Yogyakarta (ANTARA) —
Masa tanggap darurat penanganan Sungai Code akibat banjir lahar hujan Merapi kemungkinan diperpanjang, mengingat masih adanya anomali cuaca yang terjadi di Kota Yogyakarta.
'Jika cuacanya masih saja anomali seperti ini, maka akan ada kemungkinan masa tanggap darurat Sungai Code diperpanjang, mengikuti kondisi cuaca yang terjadi,' kata Wali Kota Yogyakarta Herry Zudianto di Yogyakarta, Jumat.
Pascabanjir lahar hujan yang merendam permukiman di bantaran Sungai Code pada akhir November 2010, Pemerintah Kota Yogyakarta menetapkan masa tanggap darurat di Sungai Code hingga akhir Maret.
Namun, permukiman di sepanjang bantaran Sungai Code kembali terendam luapan lahar dingi Merapi pascabanjir lahar hujan yang terjadi pada Sabtu (19/3) dan Badan Meteorologi Klimatologi dan Geofisika (BMKG) Yogyakarta memperkirakan musim hujan masih akan berlangsung hingga akhir April.
'Mungkin bisa diperpanjang satu bulan dan kemudian dikaji, apakah masih perlu tanggap darurat lagi atau tidak.
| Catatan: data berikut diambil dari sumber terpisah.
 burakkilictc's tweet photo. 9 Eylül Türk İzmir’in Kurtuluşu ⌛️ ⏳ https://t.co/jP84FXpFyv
Jika masih perlu maka akan kembali diperpanjang per satu bulan hingga musim hujan berakhir,' katanya.
Pemerintah Kota Yogyakarta, lanjut Herry, juga terus melakukan komunikasi kepada masyarakat, khususnya masyarakat yang terkena dampak cukup parah akibat banjir lahar hujan agar memiliki kesadaran tidak lagi tinggal di lokasi tersebut.
Tinggal di lokasi yang terus menerus terkena dampak setiap kali lahar hujan datang, menurut Herry, justru akan melelahkan masyarakat sehingga perlu ada solusi untuk menangani permasalahan tersebut, seperti tinggal di rumah susun sewa (rusunawa) atau diberi bantuan tinggal di wilayah lain.
Pemerintah Kota Yogyakarta tengah melakukan negosiasi dengan pemerintah pusat terkait luas minimal lahan untuk mendirikan rusunawa yaitu tidak 3.000 meter persegi seperti syarat dari pemerintah, namun sekitar 600 meter persegi.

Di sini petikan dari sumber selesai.